On Mar 28, 2016, at 4:30 PM, Barry Leiba <barryleiba@xxxxxxxxxxxx> wrote:
Brian, I think your note goes to how important it is to write clearly
and to get a lot of eyes on it before we publish it. Well-written
documents, with or without 2119 key words, and with or without
lower-case look-alikes, can still be clear. Fuzzily written documents
will be fuzzy.
In particular:
they mean? It can be very unclear. If a node receives a message containing
an element covered in the spec by "allowed" instead of "OPTIONAL", is the
receiver supposed to interoperate or to reject the message?
Well, this is where 2119 advises that we *use* the key words when
interoperability is at stake. It's fine to be fuzzy when it doesn't
matter, though even then, I'd argue for more explanation:
Every frobotz MUST contain a valid bleeg. The glorp field in the
frobotz is an unsigned integer that is normally between 0 and 666,
inclusive. Values greater than 666 are allowed, but recipients
using older software might not be able to handle such values.
...
When processing a frobotz that does not meet the requirements in
section 3.1.4, it is permissible to reject the frobotz outright, or to
attempt to process the parts of it that make sense; the choice is
an implementation decision. However, any frobotz that does not
contain a valid bleeg MUST be rejected.
That sort of thing.
Barry
On Mon, Mar 28, 2016 at 3:58 PM, Brian E Carpenter
<brian.e.carpenter@xxxxxxxxx> wrote:
There are times when I think RFC2119 was a really bad idea, despite it having
become probably the most frequently cited RFC (inside and outside the IETF).
It seems to create as much confusion as it avoids.
There are four words whose RFC2119 meaning is different from the dictionary
meaning: should, recommended, may and optional. Having special typography
for them is useful, because it signals the RFC2119 meanings. But if a spec
uses, for example, a mixture of SHOULD and should, who knows what the authors
intended? To that extent, the proposed clarification is helpful.
The other words (must, shall, required, not) mean what they always mean.
The only argument for upper-casing them is aesthetic symmetry. If a spec
uses alternatives like mandatory, necessary or forbidden, they are just as
powerful.
So
these definitions are only meaningful if the words are capitalized
can be applied to should, recommended, may and optional if we want,
but strictly doesn't apply to must, shall, required, not, mandatory,
necessary, forbidden, need, or any other such words.
Where we can get into real trouble is if a spec contains should, recommended,
may and optional *plus* other non-categorical (fuzzy) words like ought,
encourage, suggest, can, might, allowed, permit (and I did not pull those
words out of the air, but out of draft-hansen-nonkeywords-non2119). What do
they mean? It can be very unclear.

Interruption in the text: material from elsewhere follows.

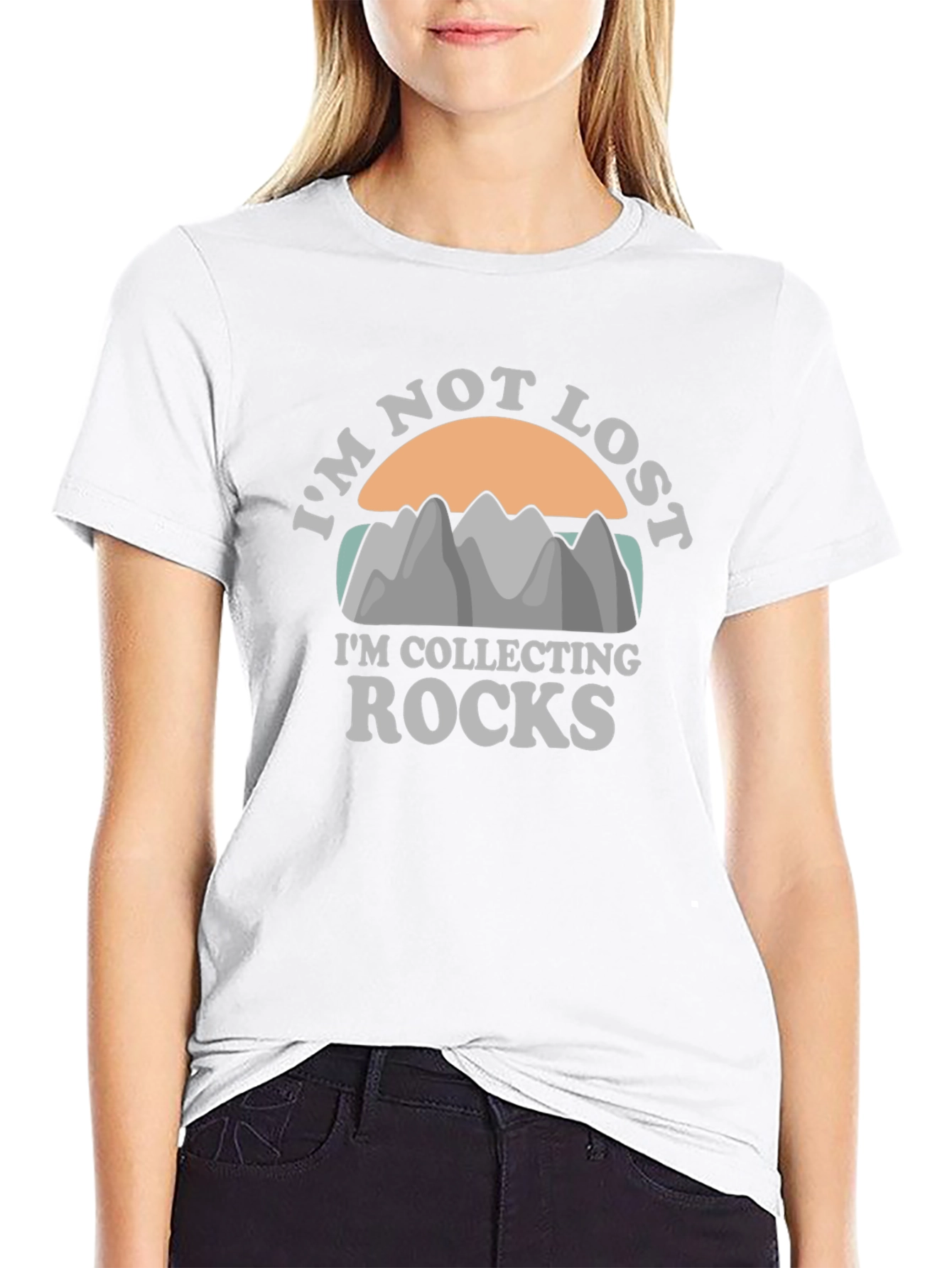 Im Not Lost Collecting Rocks Mens Black T-Shirt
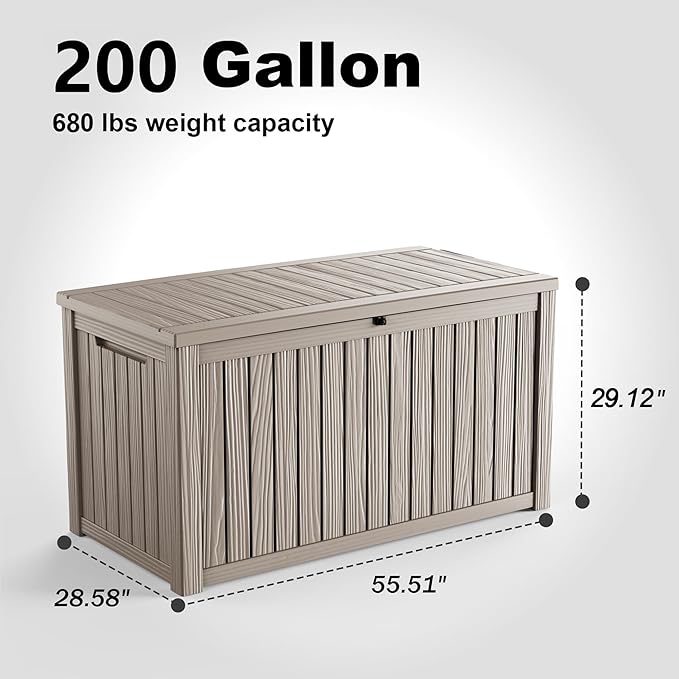 200 Gallon Outdoor Deck Box, Lockable Waterproof Outdoor Storage Boxes - Image 4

If a node receives a message containing
an element covered in the spec by "allowed" instead of "OPTIONAL", is the
receiver supposed to interoperate or to reject the message?
If we are issuing guidance, it should probably include a specific warning
to use any such fuzzy words with extreme care.
Brian
On 29/03/2016 03:13, Scott O. Bradner wrote:
one minor tweak
On Mar 28, 2016, at 10:09 AM, Barry Leiba <barryleiba@xxxxxxxxxxxx> wrote:
The wishy washy descriptive rather than proscriptive language in the abstract was because I,
the IESG and the community were not of one mind to say that the use of such capitalized
terms should be mandatory - quite a few people felt that the english language was at
least good enough to convey the writer’s intent without having to aggrandize specific words.
Thus the abstract basically was saying: if you want to use capitalized words here is a standard
way to say what they mean
Ah. Then perhaps the clarification needs to go a little further and
make this clear:
- We're defining specific terms that specifications can use.
- These terms are always capitalized when these definitions are used.
these definitions are only meaningful if the words are capitalized
- You don't have to use them. If you do, they're capitalized and
their meanings are as specified here.
- There are similar-looking English words that are not capitalized,
and they have their normal English meanings; this document has nothing
to do with them.
...and I'd like to add one more, because so many people think that
text isn't normative unless it has 2119 key words in all caps in it:
- Normative text doesn't require the use of these key words. They're
used for clarity and consistency when you want that, but lots of
normative text doesn't need to use them, and doesn't use them.